Lutz, un ouvrier du bâtiment de Zittau à proximité, était impatient de voir Chrupalla parler.

Il a autrefois soutenu les sociaux-démocrates, plus tard la CDU, et maintenant il ne fait confiance qu’à l’AfD.

Des problèmes tels que le dépeuplement, la pauvreté des personnes âgées, la hausse de l’inflation et la stagnation des salaires sont ignorés par les élites politiques. L’accent mis sur le climat est un épouvantail particulier.

« Le changement climatique est la plus grosse bêtise qui soit. L’Allemagne ne peut pas sauver le monde… Tout le monde avec un cerveau le sait.

Tout au long des discours, des railleries et des chants sont venus de derrière la place, où un groupe plus petit, plus jeune et portant un masque a organisé une contre-manifestation.

Des groupes de gauche protestent contre un rassemblement organisé par l’extrême droite Alternative pour l’Allemagne (AfD) à Görlitz, une ville du Land allemand de Saxe. La bannière dit : « Le nationalisme n’est pas une alternative » [Ruairi Casey/Al Jazeera]

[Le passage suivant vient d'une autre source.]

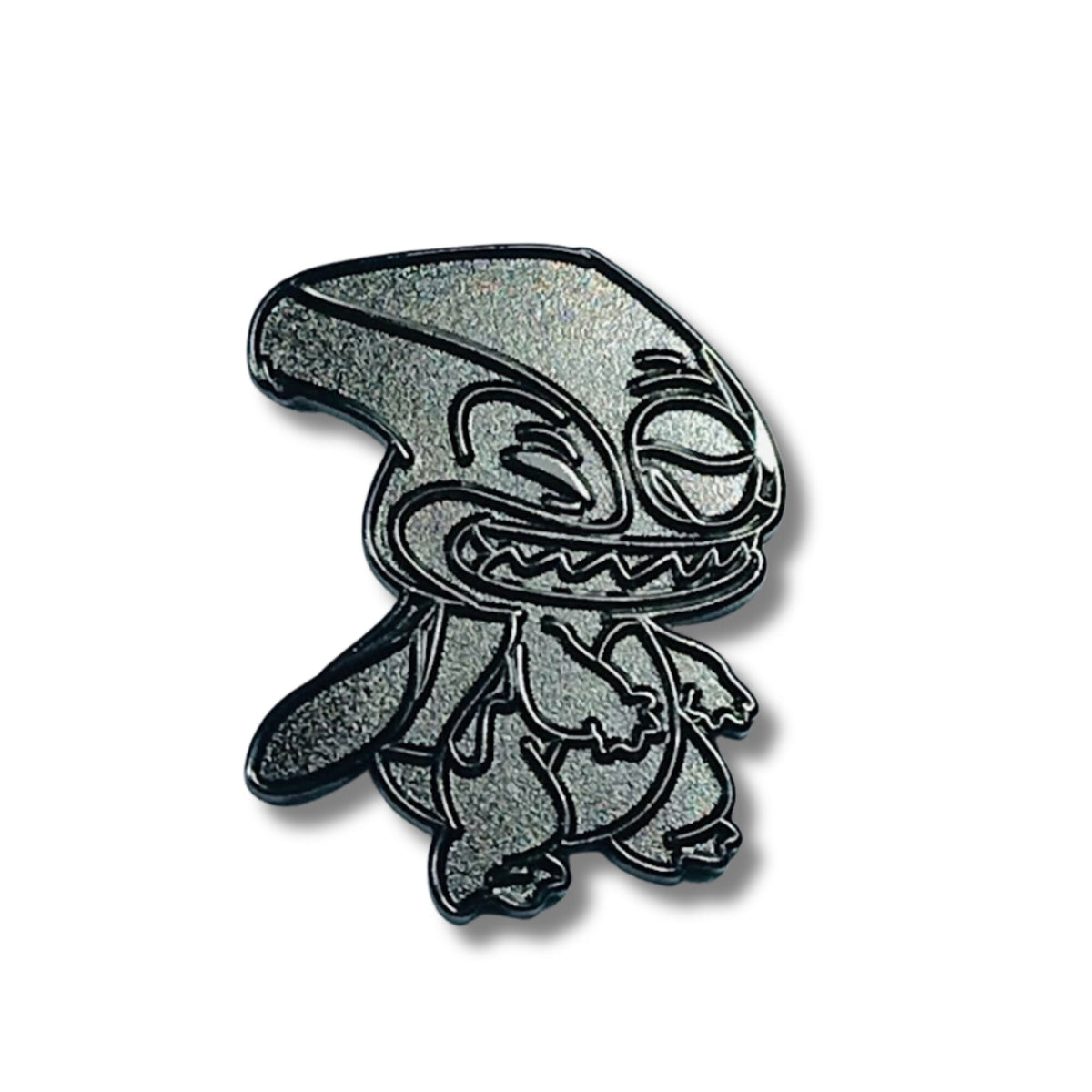 Épingle – Expérience 134 de Lilo &amp; Stitch – Disney Fantasy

L’une des organisatrices, Caroline Renner, a étudié à Görlitz pendant cinq ans, mais elle est originaire du Brandebourg, également autrefois partie de l’Allemagne de l’Est.

« Les gens sont simplement insatisfaits, et lorsqu’ils sont insatisfaits, ils cherchent un exutoire, puis ils cherchent quelqu’un sur qui évacuer leur colère », a déclaré le militant du Parti vert à Al Jazeera. « L’AfD a simplement utilisé cela et a dit qu’il y avait un ennemi ici, ce sont les étrangers. »

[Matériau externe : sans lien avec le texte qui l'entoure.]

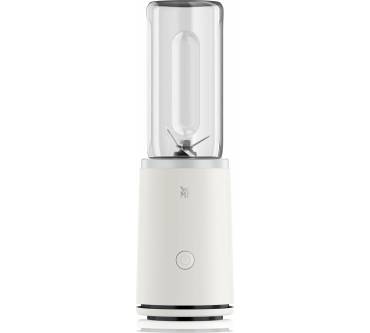 Produktbild WMF Mix&Go Touch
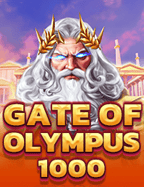 รีวิว super slot ยืนยัน เบอร์ เกมที่ไม่ควรพลาด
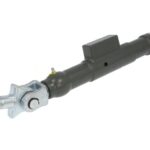 Tirant, Intinzator  Massey Ferguson STR-15A449, 3615707M92, 3615707M93, 3794419M91, 3615707M91, 3794474M91, 0010519452, 7700043410, 7700061824, 62955, 12021, 740-28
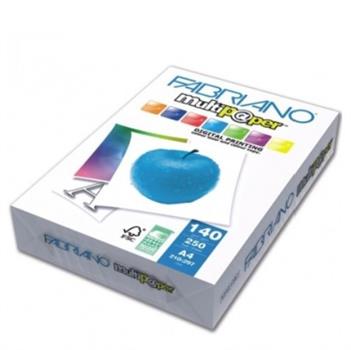 CARTA IMAGING PRO A4 140GR          50321297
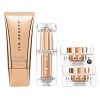 beauty products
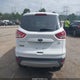 1FMCU9GX8GUC49640 2016 Ford Escape Se auction photo thumbnail 17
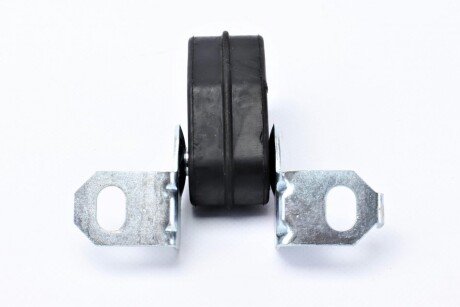 Кронштейн глушителя VW,AUDI,SKODA,SEAT (Fischer) fa1 (fischer automotive one) 113930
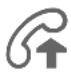 SIEMENS CXT65 - Indicateurs d'affichage (sLECTION) - 18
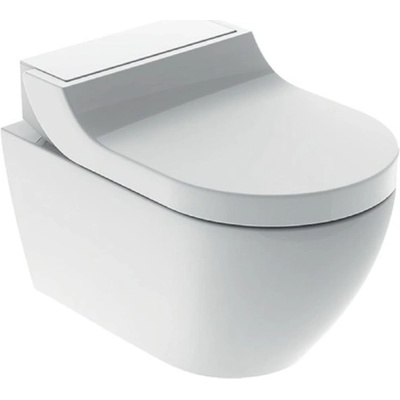 Geberit Aqua Clean 146.292.SI.1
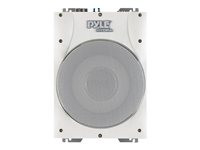 PYLE Hydra PLMRBS10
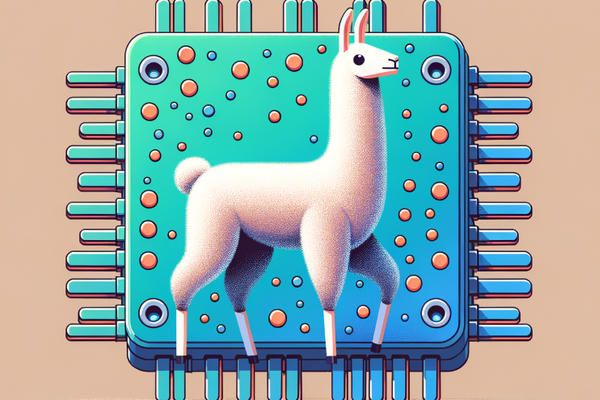 扎克伯格最新采访：Meta最强开源模型Llama 3凭什么值百亿美金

Elle espère vivre à Görlitz sur le long terme, et ne veut pas que ce soit défini par l’extrême droite.

« Nous avons ici un grand nombre de personnes engagées qui sont engagées dans une société diversifiée. Il n’y a pas que du marron et du bleu. Il n’y a pas que les nazis.

Quelle que soit la performance de l’AfD, elle restera un paria pour les autres partis, qui refusent tous de coopérer avec elle au niveau fédéral ou régional.

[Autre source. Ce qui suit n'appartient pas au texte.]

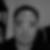 Profilbild von Markus Stadler
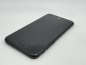 Preview: Refurbished iPhone SE 2020 schwarz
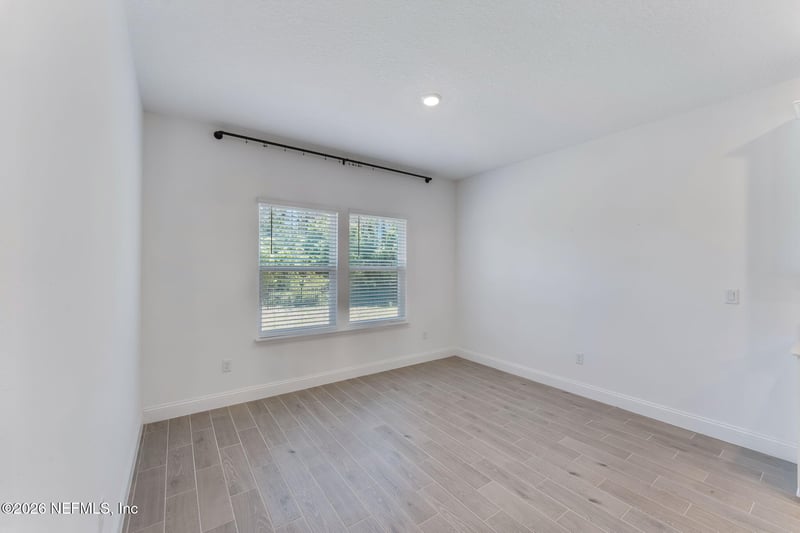 75776 Estuary Way, Yulee, FL 32097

Mais le parti pourrait encore provoquer un bouleversement en Saxe.

« Nous allons remporter une autre victoire triomphale [this weekend]. J’en suis sûr », a annoncé Chrupalla depuis la scène.

« Ensuite, nous regarderons à nouveau leurs visages à Dresde et à Berlin et ils ne sauront pas quoi dire – et nous nous sourirons. »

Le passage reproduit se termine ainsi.